◆ Records for the exercise ◆

——

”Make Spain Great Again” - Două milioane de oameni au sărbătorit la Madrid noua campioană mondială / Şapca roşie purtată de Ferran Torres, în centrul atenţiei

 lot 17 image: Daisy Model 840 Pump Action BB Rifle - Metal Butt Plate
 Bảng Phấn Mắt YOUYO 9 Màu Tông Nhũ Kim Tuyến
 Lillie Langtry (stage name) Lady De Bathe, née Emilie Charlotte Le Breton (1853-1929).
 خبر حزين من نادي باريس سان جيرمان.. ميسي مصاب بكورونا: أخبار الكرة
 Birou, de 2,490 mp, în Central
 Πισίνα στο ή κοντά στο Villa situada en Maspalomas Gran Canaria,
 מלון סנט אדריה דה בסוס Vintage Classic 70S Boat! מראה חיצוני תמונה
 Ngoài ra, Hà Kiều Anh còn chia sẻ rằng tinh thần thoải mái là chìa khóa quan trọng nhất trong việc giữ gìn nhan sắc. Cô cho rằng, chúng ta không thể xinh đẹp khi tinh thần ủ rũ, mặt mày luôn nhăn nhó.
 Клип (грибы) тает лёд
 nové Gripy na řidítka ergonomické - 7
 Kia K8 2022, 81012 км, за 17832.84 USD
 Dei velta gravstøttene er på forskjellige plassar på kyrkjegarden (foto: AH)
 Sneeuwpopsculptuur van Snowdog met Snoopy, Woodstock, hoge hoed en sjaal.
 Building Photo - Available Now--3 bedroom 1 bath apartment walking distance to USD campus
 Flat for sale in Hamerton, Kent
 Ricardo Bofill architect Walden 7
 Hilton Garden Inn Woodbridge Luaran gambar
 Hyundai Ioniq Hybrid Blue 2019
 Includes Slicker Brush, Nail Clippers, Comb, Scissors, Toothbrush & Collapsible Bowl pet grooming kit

——

Reproduce each record exactly as it appears.

◆ Worked solution ◆
”Make Spain Great Again” - Două milioane de oameni au sărbătorit la Madrid noua campioană mondială / Şapca roşie purtată de Ferran Torres, în centrul atenţiei

 lot 17 image: Daisy Model 840 Pump Action BB Rifle - Metal Butt Plate
 Bảng Phấn Mắt YOUYO 9 Màu Tông Nhũ Kim Tuyến
 Lillie Langtry (stage name) Lady De Bathe, née Emilie Charlotte Le Breton (1853-1929).
 خبر حزين من نادي باريس سان جيرمان.. ميسي مصاب بكورونا: أخبار الكرة
 Birou, de 2,490 mp, în Central
 Πισίνα στο ή κοντά στο Villa situada en Maspalomas Gran Canaria,
 מלון סנט אדריה דה בסוס Vintage Classic 70S Boat! מראה חיצוני תמונה
 Ngoài ra, Hà Kiều Anh còn chia sẻ rằng tinh thần thoải mái là chìa khóa quan trọng nhất trong việc giữ gìn nhan sắc. Cô cho rằng, chúng ta không thể xinh đẹp khi tinh thần ủ rũ, mặt mày luôn nhăn nhó.
 Клип (грибы) тает лёд
 nové Gripy na řidítka ergonomické - 7
 Kia K8 2022, 81012 км, за 17832.84 USD
 Dei velta gravstøttene er på forskjellige plassar på kyrkjegarden (foto: AH)
 Sneeuwpopsculptuur van Snowdog met Snoopy, Woodstock, hoge hoed en sjaal.
 Building Photo - Available Now--3 bedroom 1 bath apartment walking distance to USD campus
 Flat for sale in Hamerton, Kent
 Ricardo Bofill architect Walden 7
 Hilton Garden Inn Woodbridge Luaran gambar
 Hyundai Ioniq Hybrid Blue 2019
 Includes Slicker Brush, Nail Clippers, Comb, Scissors, Toothbrush & Collapsible Bowl pet grooming kit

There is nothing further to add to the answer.